Schools and TAFE colleges will suffer if more education department jobs are cut in next week's state budget, a key public sector union has warned.
The Community and Public Sector Union believes fewer department administrators will mean a drop in their productivity savings and this failure will have a detrimental effect on teachers and students.
It claims a reduction to the number of administrators in the budget on May 2 would affect the services and advice provided to schools and teachers in such areas as budgeting, curriculum and student assessment.
Under the 1.5per cent annual productivity savings policy introduced by the Kennett administration and adopted by the Bracks Government, the Department of Education, Employment and Training is required to cut $20million a year.
This is on top of the $10million the department has to cut annually
from its consumables
budget.
But the union fears the government is now planning an extra $15million of cuts to the education public service in next week's budget.
A report by the RMIT-affiliated Union Research Centre for Organisation Technology, commissioned by the union, warns that any additional cuts will have a serious impact on the ability of schools and TAFEs to operate.
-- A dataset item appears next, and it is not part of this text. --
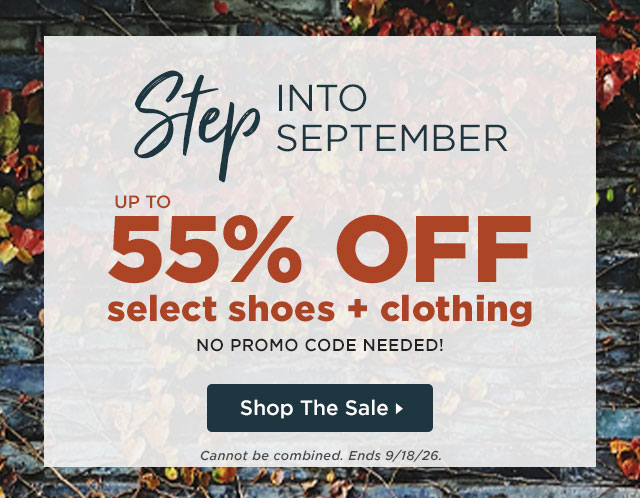 Shop The Sale and Save up to 55%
The union plans to use the report in its battle to win more resources for public education.
The report says that while funding for school and TAFE programs has increased since the Bracks Government took office last year, departmental cuts are continuing.
The cuts are targeted at the essential administrative
infrastructure on which the effectiveness of the education system
depends,
the Education: Time to Rebuild, Not to Cut report says.
No rationale has been provided for these cuts. They are being
hastily implemented and are ill-conceived. They will have a negative
effect on the way in which the department fulfils its statutory
obligations and provides services to ministers, to schools and TAFE
institutes.
The cuts have meant that department resources have been relocated or transferred, outsourced or contracted out and policy advice outsourced via consultancies.
Improvements to the whole public education system cannot be
achieved by providing additional classroom teachers on the one hand
and, on the other, further dismantling the infrastructure on which
schools and TAFE depend,
the report says.
The scale of the cuts inflicted by the Kennett government on the
education system ... means there is little capacity to make further
cuts.
A spokesman for Education Minister Mary Delahunty could not be contacted for comment.